Re: [PATCH v2 4/5]nbd: make nbd device wait for its users.

From: Markus Pargmann
Date: Wed Jun 15 2016 - 02:32:42 EST


Hi Pranay,

On Tuesday 14 June 2016 15:03:40 Pranay Srivastava wrote:
> Hi Markus,
>
> On Tue, Jun 14, 2016 at 2:29 PM, Markus Pargmann <mpa@xxxxxxxxxxxxxx> wrote:
> >
> > On Thursday 02 June 2016 13:25:00 Pranay Kr. Srivastava wrote:
> > > When a timeout occurs or a recv fails, then
> > > instead of abruplty killing nbd block device
> > > wait for it's users to finish.
> > >
> > > This is more required when filesystem(s) like
> > > ext2 or ext3 don't expect their buffer heads to
> > > disappear while the filesystem is mounted.
> > >
> > > Each open of a nbd device is refcounted, while
> > > the userland program [nbd-client] doing the
> > > NBD_DO_IT ioctl would now wait for any other users
> > > of this device before invalidating the nbd device.
> > >
> > > Signed-off-by: Pranay Kr.

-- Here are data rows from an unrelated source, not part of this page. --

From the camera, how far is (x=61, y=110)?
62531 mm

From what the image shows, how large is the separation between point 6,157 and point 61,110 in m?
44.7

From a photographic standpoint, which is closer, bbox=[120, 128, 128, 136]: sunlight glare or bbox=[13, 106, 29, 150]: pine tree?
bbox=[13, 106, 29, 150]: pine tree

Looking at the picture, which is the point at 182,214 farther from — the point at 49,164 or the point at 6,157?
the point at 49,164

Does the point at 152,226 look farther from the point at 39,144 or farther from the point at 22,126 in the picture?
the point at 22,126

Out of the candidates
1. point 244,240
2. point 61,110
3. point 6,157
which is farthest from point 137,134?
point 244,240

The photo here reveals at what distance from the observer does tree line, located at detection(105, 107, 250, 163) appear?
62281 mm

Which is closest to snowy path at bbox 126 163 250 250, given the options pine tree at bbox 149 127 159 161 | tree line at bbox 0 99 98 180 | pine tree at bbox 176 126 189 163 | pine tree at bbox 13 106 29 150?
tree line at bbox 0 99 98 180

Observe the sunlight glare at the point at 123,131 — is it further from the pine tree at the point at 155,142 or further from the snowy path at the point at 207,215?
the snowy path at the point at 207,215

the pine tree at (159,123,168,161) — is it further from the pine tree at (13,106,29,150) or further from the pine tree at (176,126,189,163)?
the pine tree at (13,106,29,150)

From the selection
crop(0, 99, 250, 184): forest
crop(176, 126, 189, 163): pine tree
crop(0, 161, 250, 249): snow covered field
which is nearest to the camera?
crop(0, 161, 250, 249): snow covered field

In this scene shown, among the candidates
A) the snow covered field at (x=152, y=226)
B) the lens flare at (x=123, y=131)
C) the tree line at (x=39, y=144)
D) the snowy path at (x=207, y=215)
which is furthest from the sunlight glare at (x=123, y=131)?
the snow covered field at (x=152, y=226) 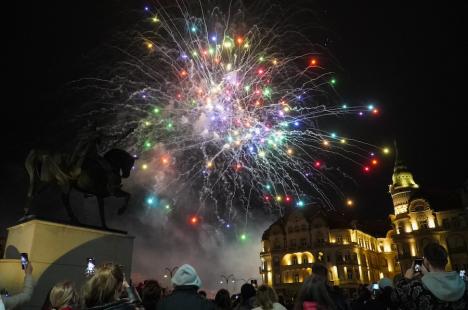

Srivastava <pranjas@xxxxxxxxx>
> > > ---
> > > drivers/block/nbd.c | 58 +++++++++++++++++++++++++++++++++++++++++++++++++++++
> > > 1 file changed, 58 insertions(+)
> > >
> > > diff --git a/drivers/block/nbd.c b/drivers/block/nbd.c
> > > index d1d898d..4da40dc 100644
> > > --- a/drivers/block/nbd.c
> > > +++ b/drivers/block/nbd.c
> > > @@ -70,10 +70,13 @@ struct nbd_device {
> > > #if IS_ENABLED(CONFIG_DEBUG_FS)
> > > struct dentry *dbg_dir;
> > > #endif
> > > + atomic_t inuse;
> > > /*
> > > *This is specifically for calling sock_shutdown, for now.
> > > */
> > > struct work_struct ws_shutdown;
> > > + struct kref users;
> > > + struct completion user_completion;
> > > };
> > >
> > > #if IS_ENABLED(CONFIG_DEBUG_FS)
> > > @@ -104,6 +107,7 @@ static DEFINE_SPINLOCK(nbd_lock);
> > > * Shutdown function for nbd_dev work struct.
> > > */
> > > static void nbd_ws_func_shutdown(struct work_struct *);
> > > +static void nbd_kref_release(struct kref *);
> > >
> > > static inline struct device *nbd_to_dev(struct nbd_device *nbd)
> > > {
> > > @@ -682,6 +686,8 @@ static void nbd_reset(struct nbd_device *nbd)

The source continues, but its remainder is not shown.